Réception et impact du morceau

Sur les réseaux sociaux, les opinions sont divisées. Certains saluent le courage des artistes et la force de leur engagement, tandis que d'autres critiquent la violence et le caractère choquant de certaines paroles. Les paroles misogynes et complotistes ont particulièrement suscité la controverse. Des lignes comme « Marion et Marine les putes / Un coup de bâton sur ces chiennes en rut » ont été vivement critiquées pour leur langage offensant et sexiste. De plus, des références à des théories du complot, comme celle des Illuminati ou des puces injectées dans le sang, ont été jugées problématiques et potentiellement contre-productives. Ramdane Touhami, à la production du titre, a défendu ces choix en expliquant que certaines phrases étaient des références culturelles, comme le chant de « Jordan, tu es mort » qui fait écho à une victoire du champion de MMA Cédric Doumbé. Cependant, la justification de ces références n'a pas suffi à apaiser toutes les critiques.

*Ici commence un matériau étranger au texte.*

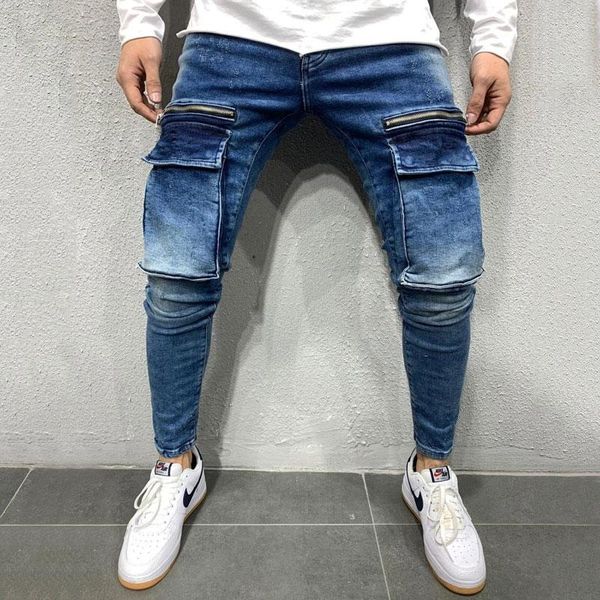 

men's skinny jeans blue black big pocket slim jeans fashion casual street hip-hop denim pants spring and autumn male clothing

Malgré les controverses, « No Pasaran » a le potentiel de mobiliser les jeunes et de les inciter à s'engager politiquement. Avec un peu de chance, ce morceau aura le même effet que celui de ses prédécesseurs. Ces chansons ont marqué leur époque et ont contribué à une prise de conscience collective. En utilisant leur art pour exprimer leur opposition à l'extrême droite, les rappeurs rappellent que la musique peut être un vecteur de changement social.

 

« Lève-toi, va voter, faut pas rester assis »

Les critiques et controverses autour du morceau mettent en lumière les défis et risques de l'engagement politique dans l'art. Toutefois, elles n’altèrent pas l'importance de ce projet et de son message. « No Pasaran », au-delà de ses paroles crues et de son ton provocateur, incarne l'esprit de résistance et de solidarité qui a toujours animé le rap. Même si ce genre est devenu fond de commerce pour certains partis politiques et est parfois regardé avec condescendance par certains élus, il continue de jouer un rôle crucial. En encourageant les jeunes à voter et à s'opposer à l'extrême droite, il rappelle que chacun a le pouvoir de faire une différence et que l'engagement artistique reste une force majeure, capable de mobiliser et de sensibiliser.